What are you optimizing your environment for here, other than the fewest possible boxes and the fewest IP addresses and probably the lowest cost? Where do you want to get to?
You can't "fork" IP packet traffic and perform the requested load-balancing and the single web-facing static IP (this requirement from the early part of the discussion thread here) without some sort of load-balancing, or without a reverse proxy. The IP address has to be routed to a network box somewhere, and that box somewhere has to decide where the packet should be forwarded when you're seeking for load-balancing or failover.
If you have two sites and two public DNS domains and you want that to go to one static IP address and then load-balance to two servers, then you need some add-on network hardware. That load balancer can be a Linux box or a commercial appliance, running nginx or any of various other software. That load-balancing box accepts the incoming IP traffic, peeks at and finds http traffic and then the target domain, and forwards the request appropriately. As a general rule, IP routers don't peek that far into the network packets.
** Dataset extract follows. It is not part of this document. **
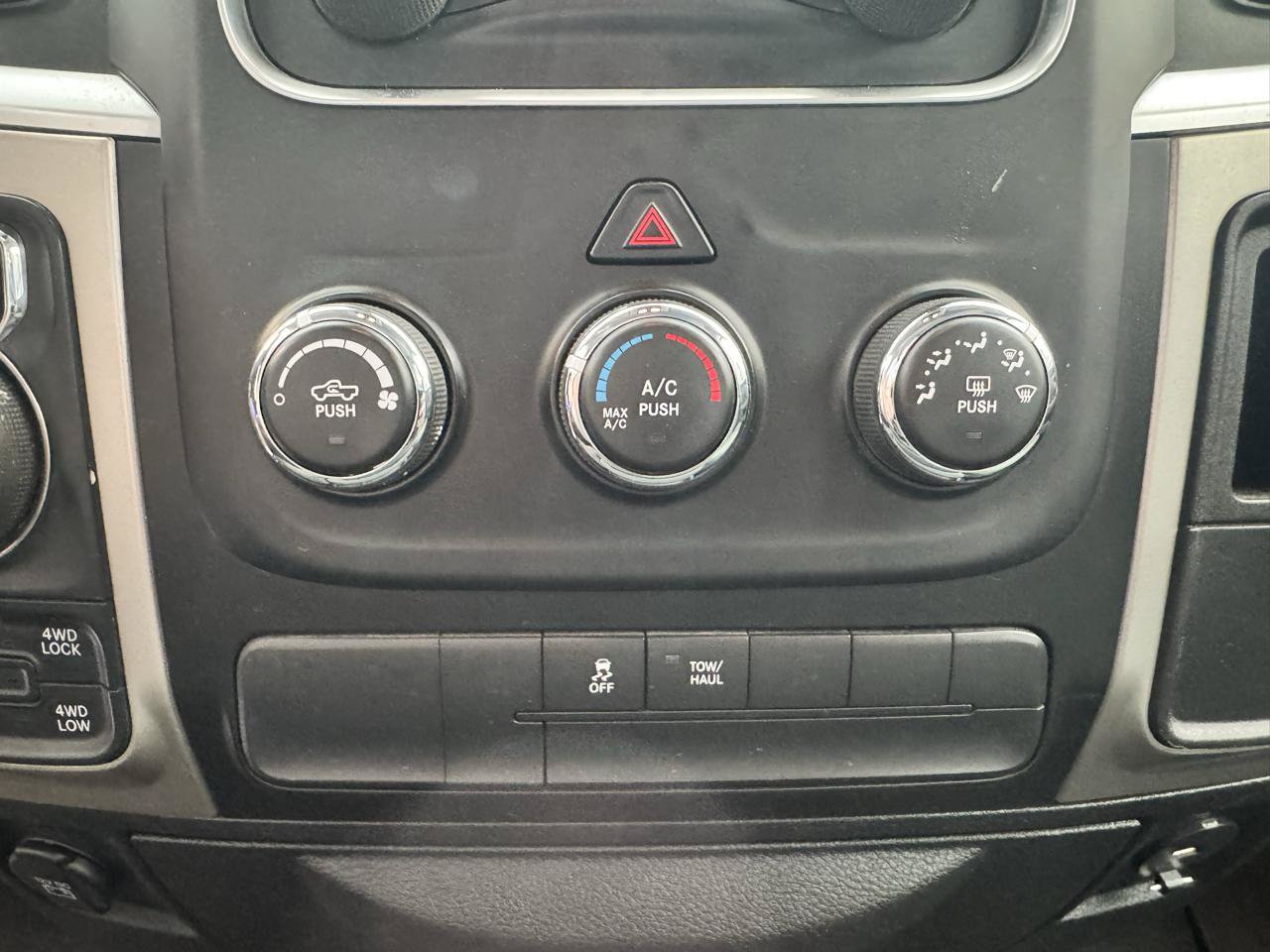 Used 2016 RAM 1500 Classic SLT w/ Protection Group AWD/4WD image 15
Now if you have two domains and two web sites and two public DNS translations that you want both going to one IP address and one host server, that's feasible. That's virtual hosting.
Or if you want one box to forward some web requests through to the other box, that's entirely feasible, but that also tends to be a case of "why bother" as you're loading up two boxes, and your web environment is entirely dependent on the "reverse proxy" box accessible and working. Mac OS X Server does have reverse proxy, which is what can have one web server serve through contents from another box.
Or you get a couple of more static addresses.
Regardless, Mac boxes (and most any other box running a multi-processing operating system) make for very expensive and slow IP routers.